Friday, July 14, 2017

Split Ticket

In his 2011 non-fiction book, Kennedy and Nixon: The Rivalry That Shaped Postwar America, MSNBC talk show host Chris Matthews writes about an encounter between two future U.S. presidents during a trip to Pennsylvania. The anecdote stoked the imagination of award-winning screenwriter and director Alfred Thomas Catalfo, who added a supernatural twist and created Split Ticket, a superbly directed short film reminiscent of The Twilight Zone.

Once upon a time, two rivals from different parties heading back to Washington after a debate settled a dispute in a collegial and good-spirited way—by drawing straws. Some observers of the current scene would say this plot element also belongs in The Twilight Zone. Despite the irony, tension runs high in this mind-bending thriller.

You can watch the trailer here: Split Ticket Trailer

In Good Faith

A graduate of New York Film Academy Los Angeles Campus who also holds an Excellence in Achievement Award from Middle Bucks Institute of Technology, student filmmaker Casey Hempel is a local talent done good. A devout Christian with an interfaith sensibility, she makes full use of her education, beliefs and hard-won craft in this faith-based story of love.

In her film, a couple with differing faiths and ethnic backgrounds becomes engaged, and while the bride-to-be's mother is over the moon with excitement, his parents, having lived most of their lives in the old country are, shall we say, less optimistic about the union. What is a happy young woman to do when her future in-laws are so resistant to her despite her most heartfelt efforts to win their affections?

Find out by watching this lighthearted and modern interpretation of an age-old theme. You can watch the trailer here: In Good Faith Trailer

Reconquista

Occupied Spain, 2064. The great religions of the world are in open warfare. One brave imam has seen enough and wants to break the cycle of violence, but to do so he needs safe passage to Rome, where he will deliver a message to the Pope.

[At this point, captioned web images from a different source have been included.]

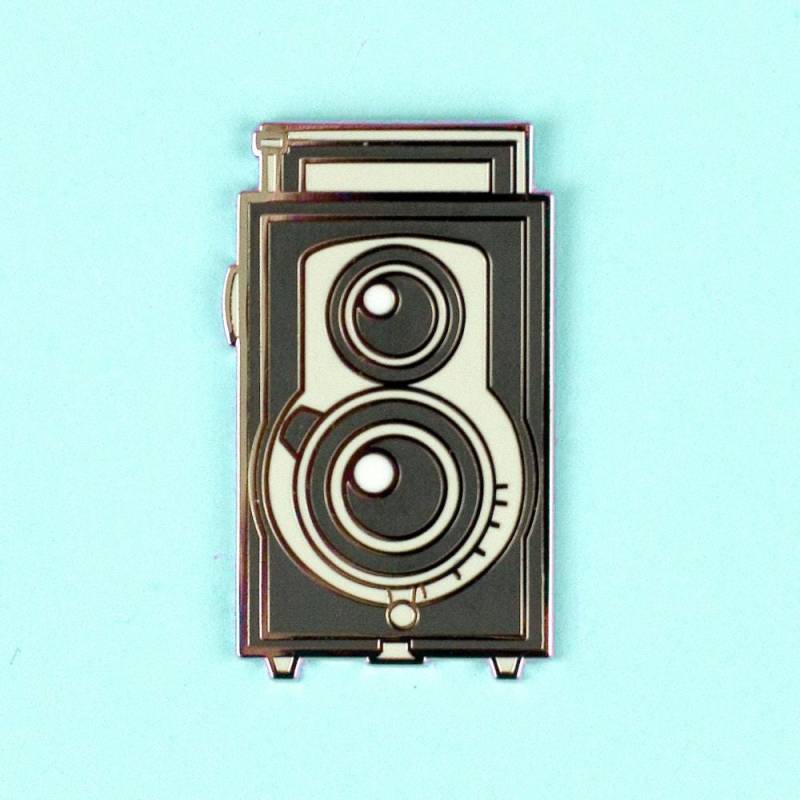 Kamera Emaille Anstecker Reflekta Ii Hartversilberung 3 cm Süßer Kawaii Vintage Schwarz Weiß Antike Anstecknadel Abzeichen Flair Kragenstift von fleacircusetsy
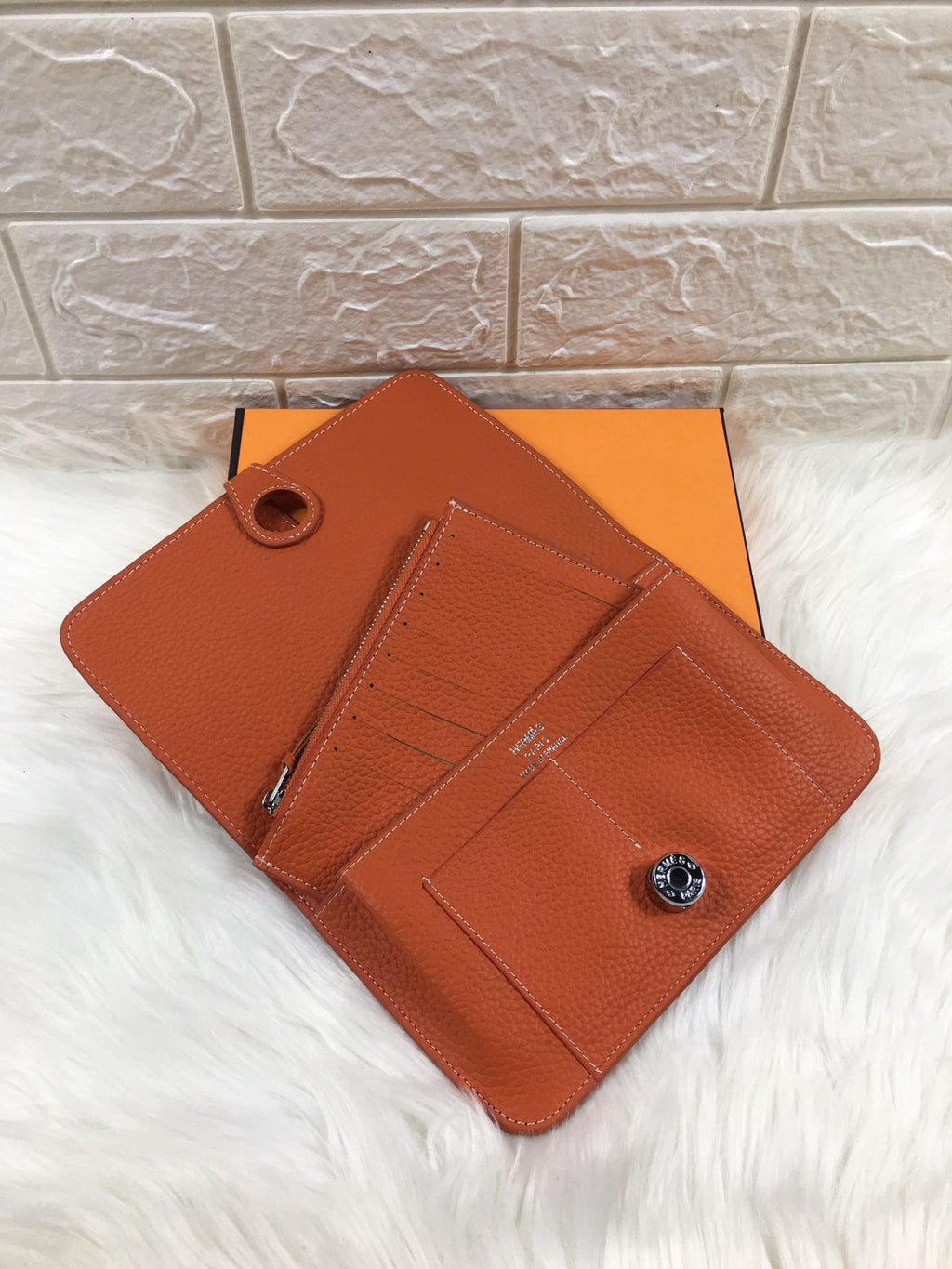 HM Dogon Wallet 20 Orange Grained Calfskin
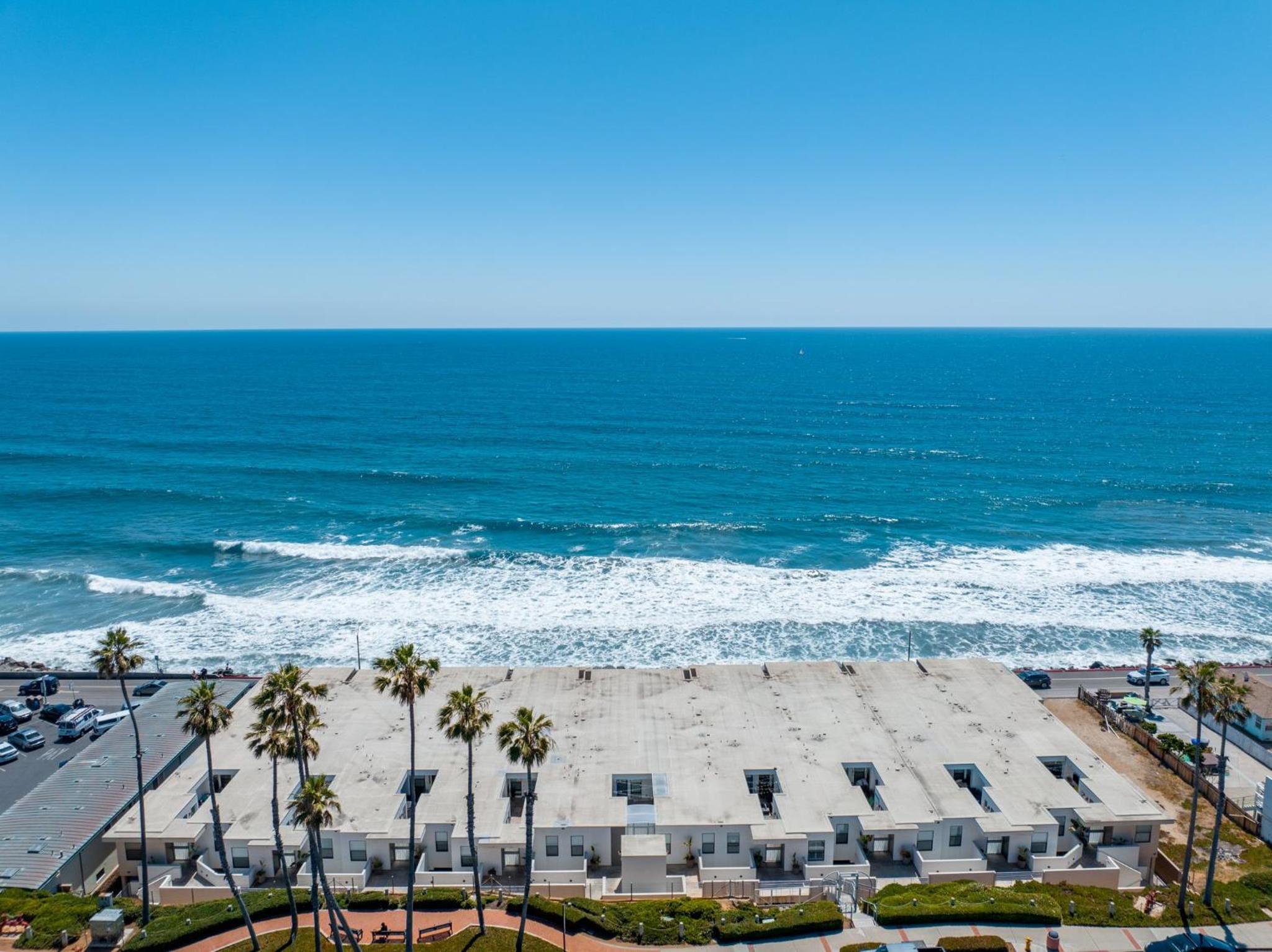 Oceanside Oasis 700S-103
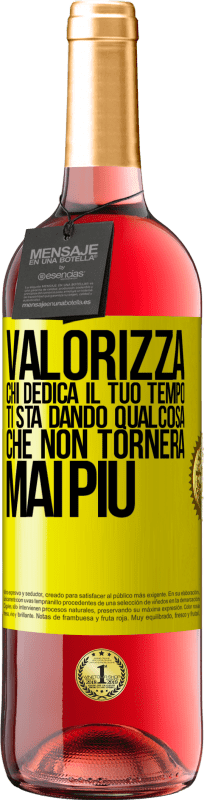 29,95 € | Vino rosato Edizione ROSÉ Valorizza chi dedica il tuo tempo. Ti sta dando qualcosa che non tornerà mai più Etichetta Gialla. Etichetta personalizzabile Vino giovane Raccogliere 2024 Tempranillo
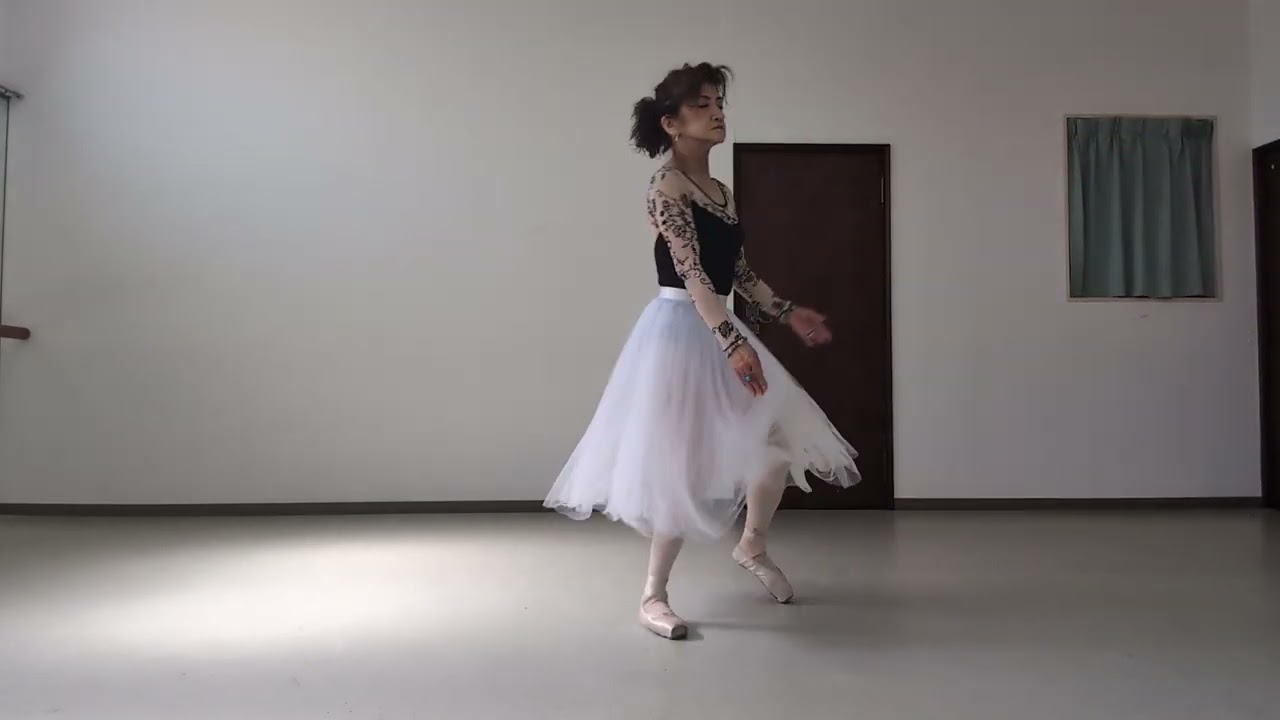 Simda Naoko ballet studio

This is the intriguing premise for Reconquista, a short film adaptation of New Hope Film Festival's 2016 Best Action Thriller Script award winner. Writer and director George Reese is an entrepreneur returning to film and television after a 23-year hiatus. Too many filmmakers wait their entire lives for the Big Break that never comes instead of making their dreams happen. As today's filmmakers know, modern technology makes it increasingly possible to produce and distribute a quality film on a modest budget.

A hiring manager might not look at Reese's resume and peg him for directing a film, and that is the point. He hired himself, placing due value on a Kellogg School of Management education, a business background and early experience in Los Angeles as a production assistant, camera operator and editor.

In an era when even the best career is not completely secure, hiring yourself isn't such a far-fetched idea. You can watch the trailer here: Reconquista Trailer

Thursday, July 13, 2017

Fabric of Time

Produced for the Boston 48 Hour Film Project, Fabric of Time exemplifies the intrepid spirit of independent filmmaking. Director Sean Foy refers to the experience of making this short as "quite a challenge," and his assertion is beyond dispute. What is quite jarring, however, is the outright quality of his team's result. Producing a film in two days is one kind of accomplishment, but producing one worthy of a film festival screening is an altogether different achievement.

Foy's excellent script has the creativity and tightness one expects from projects that take months, if not years, to carry from start to finish. Co-writers Carlos Aravena, Tedros Haile, Bridget Douillette, Geoff Pennington, Katelyn Willis and Leigh Willis deserve high praise for their ability to deliver so much in so little time, and put together a cohesive throughline with a team of five screenwriters. Cinematically, the film exceeds the 48 hour norm by a country mile.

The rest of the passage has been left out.